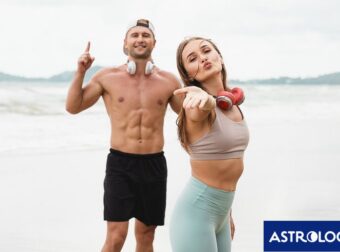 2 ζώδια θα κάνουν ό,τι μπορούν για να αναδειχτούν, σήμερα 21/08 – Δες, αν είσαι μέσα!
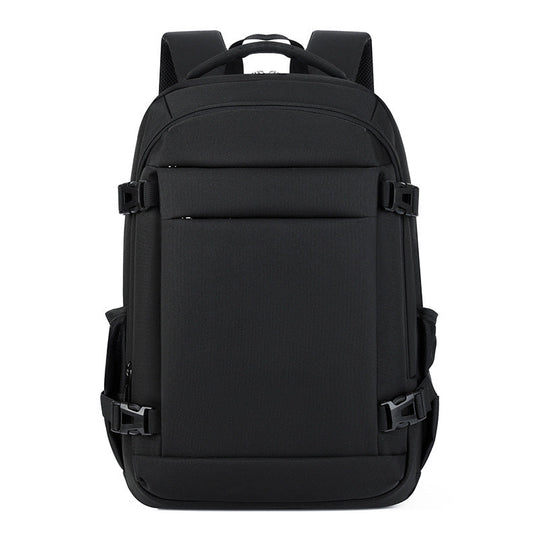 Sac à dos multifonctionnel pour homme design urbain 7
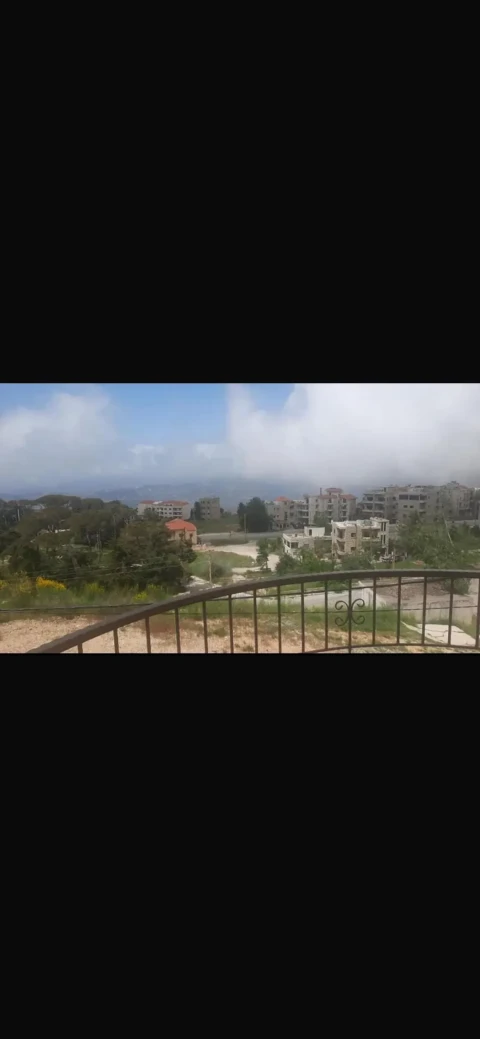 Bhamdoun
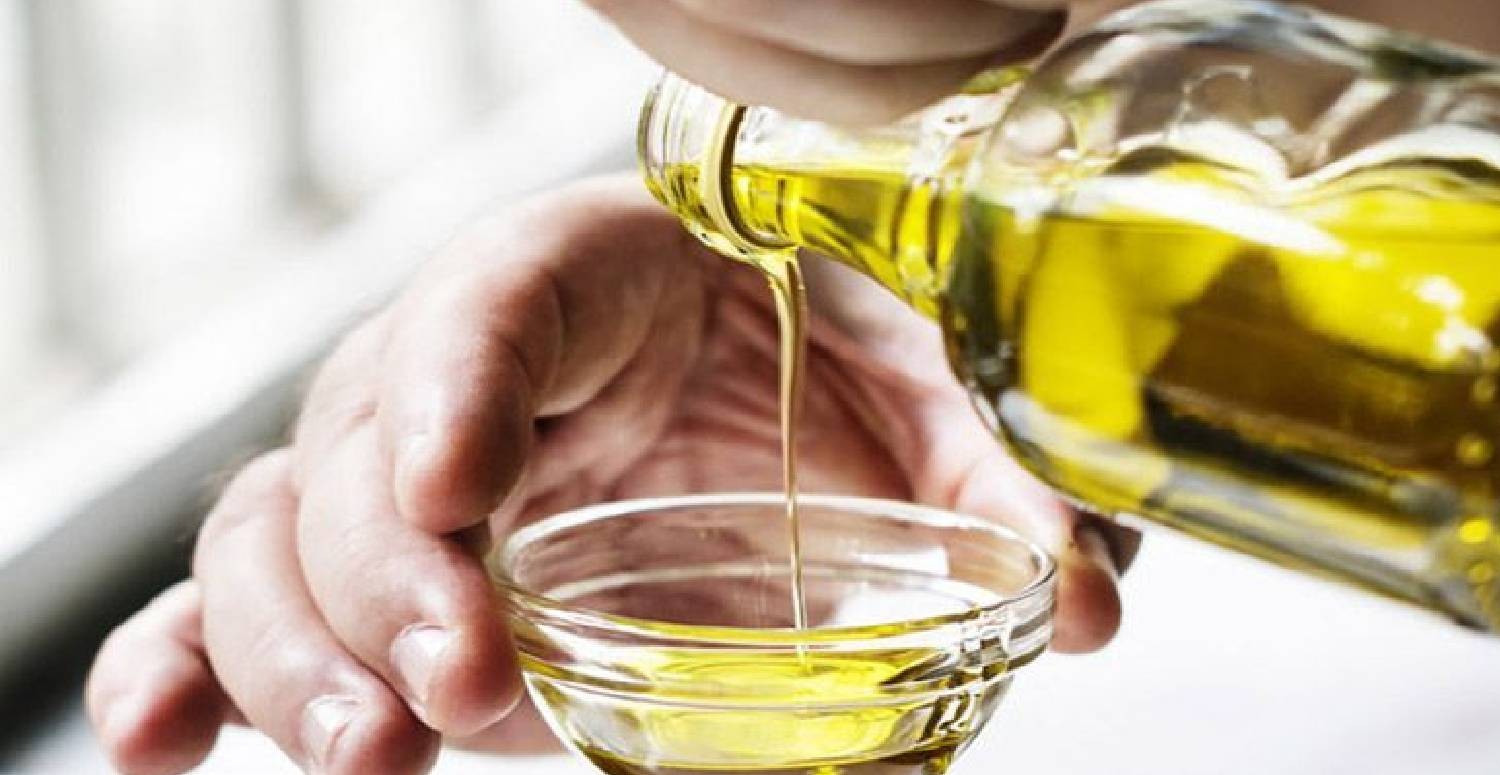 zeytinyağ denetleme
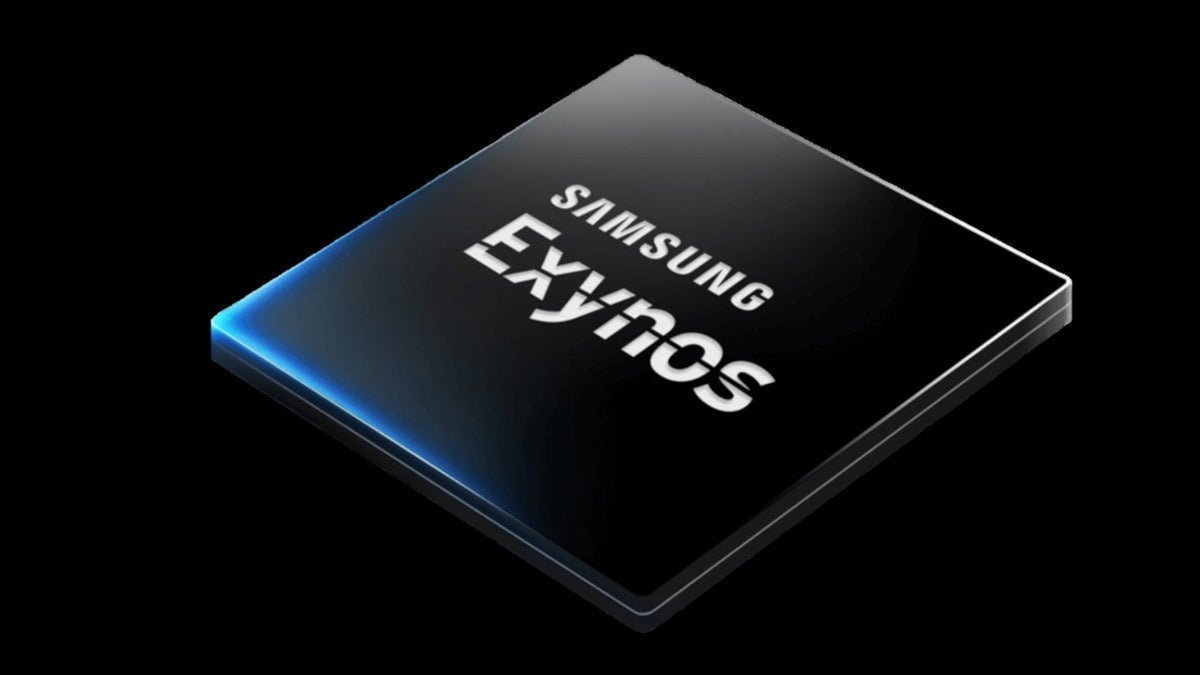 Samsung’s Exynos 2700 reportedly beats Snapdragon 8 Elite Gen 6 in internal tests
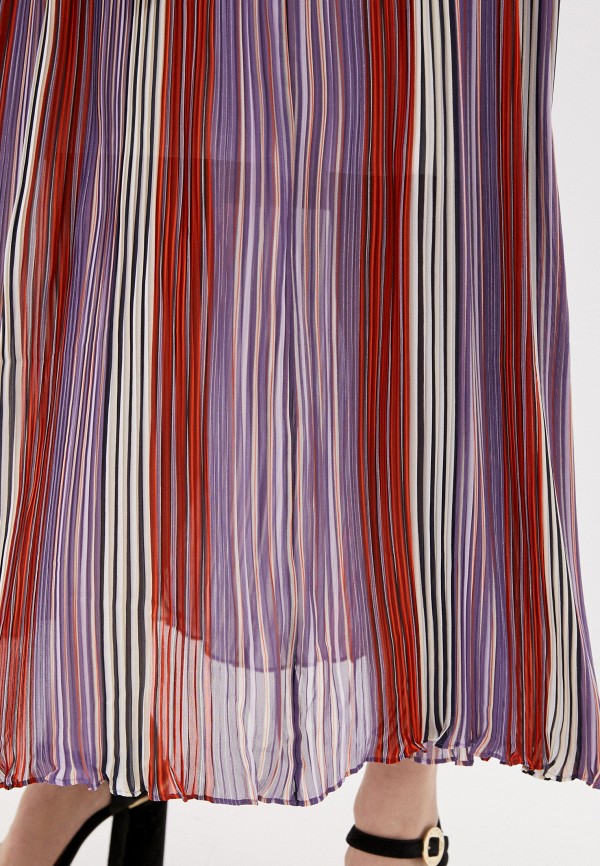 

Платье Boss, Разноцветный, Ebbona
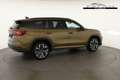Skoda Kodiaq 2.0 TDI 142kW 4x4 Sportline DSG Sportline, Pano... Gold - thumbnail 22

________________________

Print the records again exactly. Skip every picture.

 2 ζώδια θα κάνουν ό,τι μπορούν για να αναδειχτούν, σήμερα 21/08 – Δες, αν είσαι μέσα!
 Sac à dos multifonctionnel pour homme design urbain 7
 Bhamdoun
 zeytinyağ denetleme
 Samsung’s Exynos 2700 reportedly beats Snapdragon 8 Elite Gen 6 in internal tests

Платье Boss, Разноцветный, Ebbona
Skoda Kodiaq 2.0 TDI 142kW 4x4 Sportline DSG Sportline, Pano... Gold - thumbnail 22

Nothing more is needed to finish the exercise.